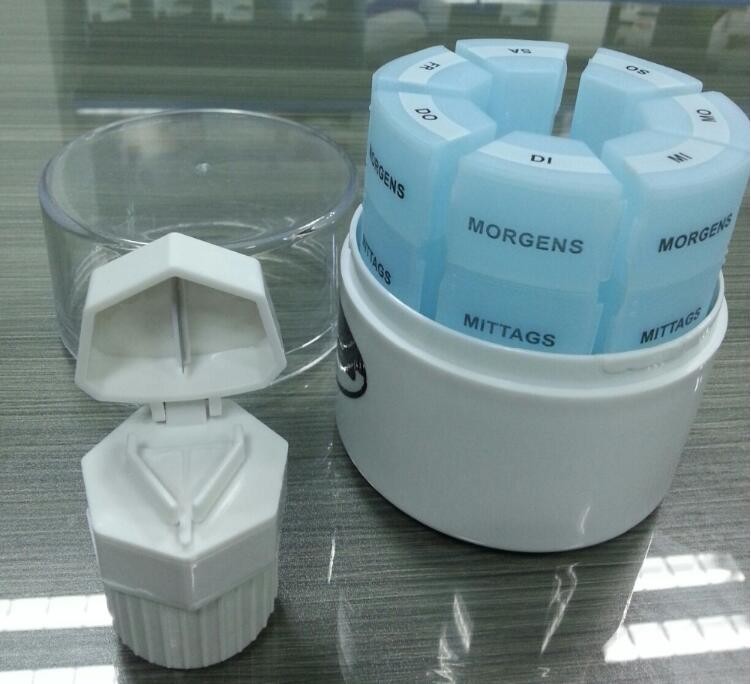 Portable Creative style foldable travel plastic cup with pill case, Random color creative travel cup with pill case for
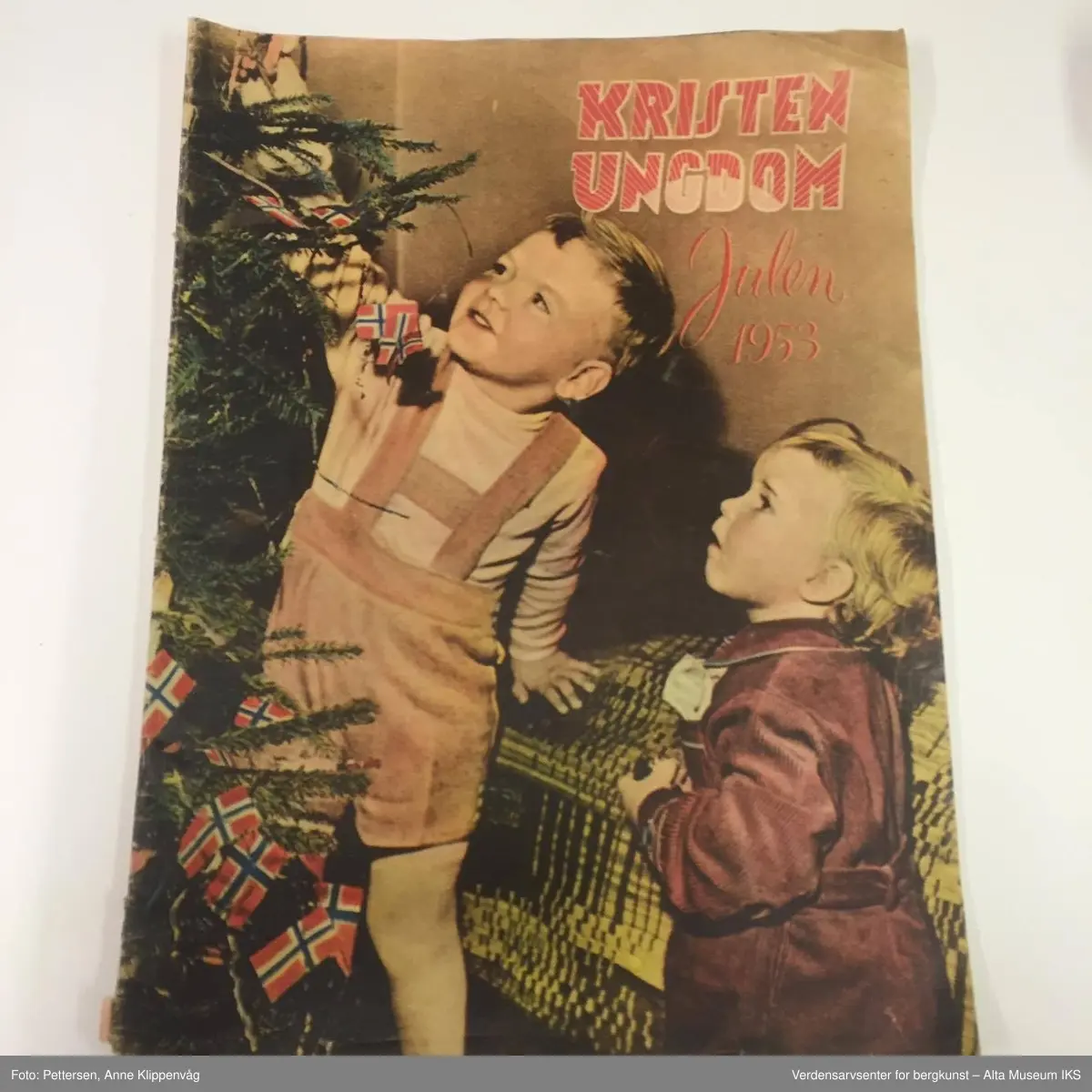 Form: Varierende firkantede formater.

 A) "Evangelisten" Julenummer 1958, 
B) "Høstblomsten" Julen 1950, 
C) "Sambaandet" 1953 og 1957,
D) "Hjemmets Venn" Julen 1958, 
E) "Bonde og småbruker" Julen 1958, 
F) "Dag over Norge" Julenummer 1945 (2 ex), 
G) "Krigsropet" Julen 1952, 
H) "Kristen ungdom" Julen 1953,
 I) "Kooperatøren" Julenummer 1955, 
J) "Samenes venn" Juleboken 1947 (bare omslag), 1958 og 1959, K) "K.F.U.K. speidernes blads julenummer" 1947, L) "Glade Jul" 1959 (utg.: Det Norske Misjonsselskap), M) "Barnas Søndagsblad" Julen 1958, N) "Barnehelg" Julen 1951, 1952, 1953, 1958, O) hefte uten omslag (utg.: Den norske sjømannsmisjon) >1951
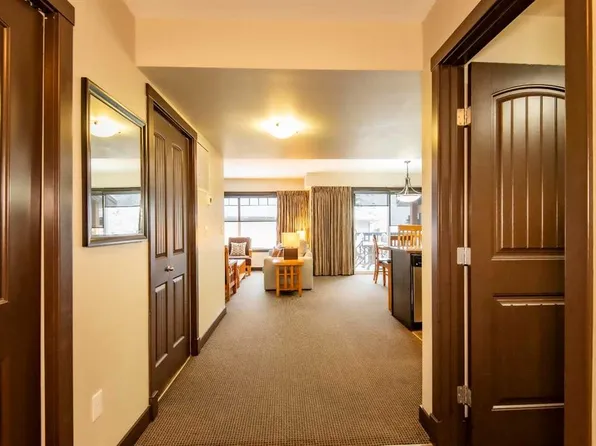 250 NE 2nd Ave #2203B, Bighorn No. 8, AB T1W 2W4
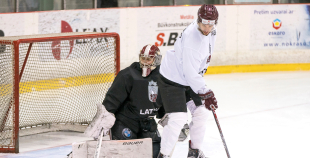 Latvijas izlases treniņnometnei pievienojušies Kaspars Daugaviņš un Kristaps Sotnieks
-------------------------
What is required
Please copy every entry exactly, without the pictures.

Solved exercise
 Portable Creative style foldable travel plastic cup with pill case, Random color creative travel cup with pill case for
 Form: Varierende firkantede formater.

 A) "Evangelisten" Julenummer 1958, 
B) "Høstblomsten" Julen 1950, 
C) "Sambaandet" 1953 og 1957,
D) "Hjemmets Venn" Julen 1958, 
E) "Bonde og småbruker" Julen 1958, 
F) "Dag over Norge" Julenummer 1945 (2 ex), 
G) "Krigsropet" Julen 1952, 
H) "Kristen ungdom" Julen 1953,
 I) "Kooperatøren" Julenummer 1955, 
J) "Samenes venn" Juleboken 1947 (bare omslag), 1958 og 1959, K) "K.F.U.K. speidernes blads julenummer" 1947, L) "Glade Jul" 1959 (utg.: Det Norske Misjonsselskap), M) "Barnas Søndagsblad" Julen 1958, N) "Barnehelg" Julen 1951, 1952, 1953, 1958, O) hefte uten omslag (utg.: Den norske sjømannsmisjon) >1951
 250 NE 2nd Ave #2203B, Bighorn No. 8, AB T1W 2W4
 Latvijas izlases treniņnometnei pievienojušies Kaspars Daugaviņš un Kristaps Sotnieks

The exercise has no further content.